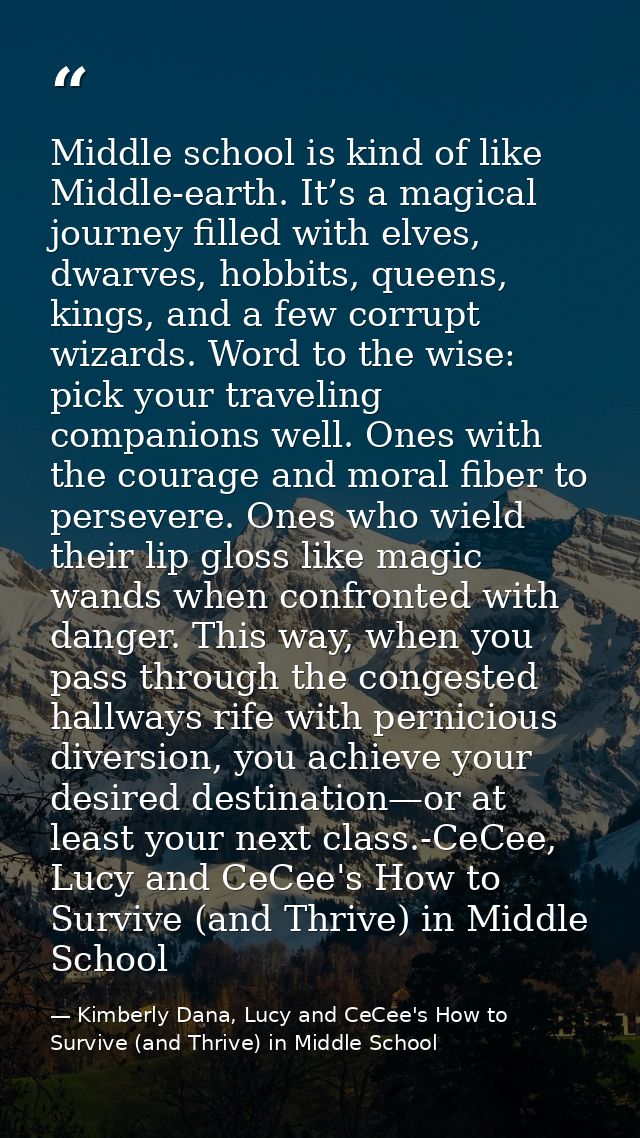 Middle school is kind of like Middle-earth. It’s a magical journey filled with elves, dwarves, hobbits, queens, kings, a — Kimberly Dana, Lucy and CeCee's How to Survive (and Thrive) in Middle School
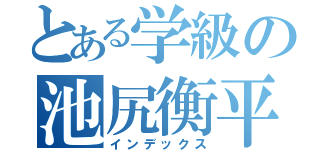 とある学級の池尻衡平８（インデックス）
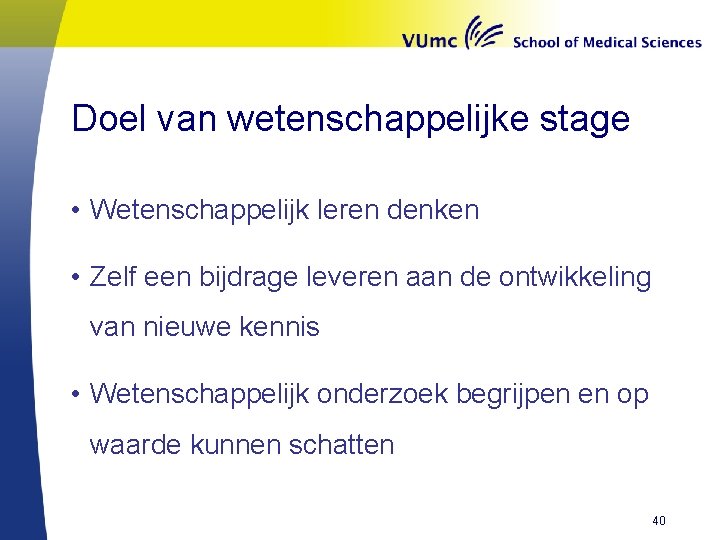 Doel van wetenschappelijke stage • Wetenschappelijk leren denken • Zelf een bijdrage leveren aan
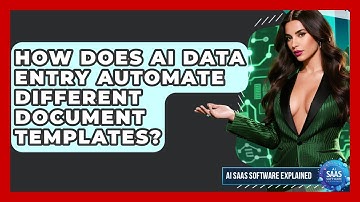 How Does AI Data Entry Automate Different Document Templates? - AI SaaS Software Explained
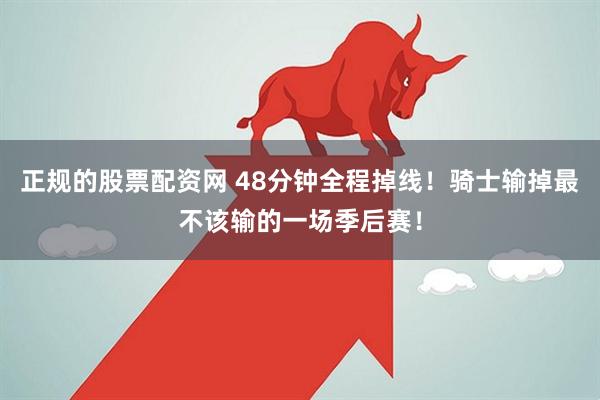 正规的股票配资网 48分钟全程掉线！骑士输掉最不该输的一场季后赛！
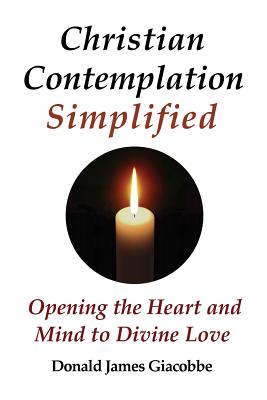 Christian Contemplation Simplified: Opening the Heart and Mind to Divine Love - Giacobbe, Donald James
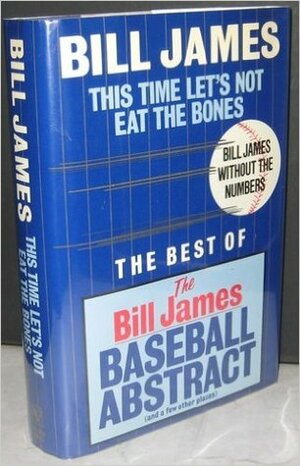 This Time Let's Not Eat the Bones: Bill James Without the Numbers by Bill James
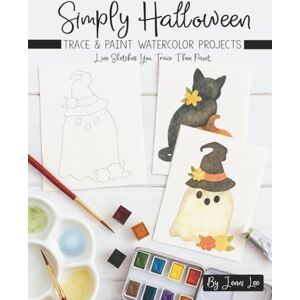 Lee Simply Halloween: Trace and Paint Watercolor Projects (Watercolor Trace and Paint Projects) Lee Simply Halloween: Trace and Paint Watercolor Projects (Watercolor Trace and Paint Projects)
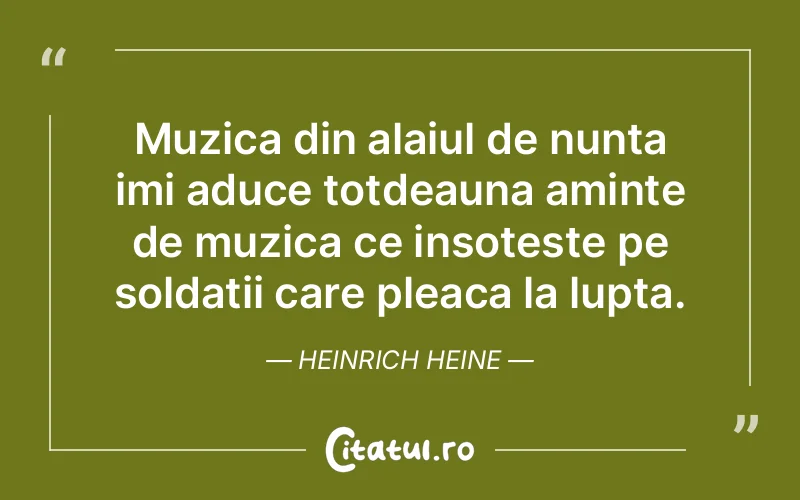 Citat Heinrich Heine - citate motivationale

* * * *

Word for word, restate every line of the listing, omitting the pictures.

EXERCISE OUTPUT:
 Middle school is kind of like Middle-earth. It’s a magical journey filled with elves, dwarves, hobbits, queens, kings, a — Kimberly Dana, Lucy and CeCee's How to Survive (and Thrive) in Middle School
 とある学級の池尻衡平８（インデックス）
 Doel van wetenschappelijke stage • Wetenschappelijk leren denken • Zelf een bijdrage leveren aan
 How Does AI Data Entry Automate Different Document Templates? - AI SaaS Software Explained
 正规的股票配资网 48分钟全程掉线！骑士输掉最不该输的一场季后赛！
 Christian Contemplation Simplified: Opening the Heart and Mind to Divine Love - Giacobbe, Donald James
 This Time Let's Not Eat the Bones: Bill James Without the Numbers by Bill James
 Lee Simply Halloween: Trace and Paint Watercolor Projects (Watercolor Trace and Paint Projects) Lee Simply Halloween: Trace and Paint Watercolor Projects (Watercolor Trace and Paint Projects)
 Citat Heinrich Heine - citate motivationale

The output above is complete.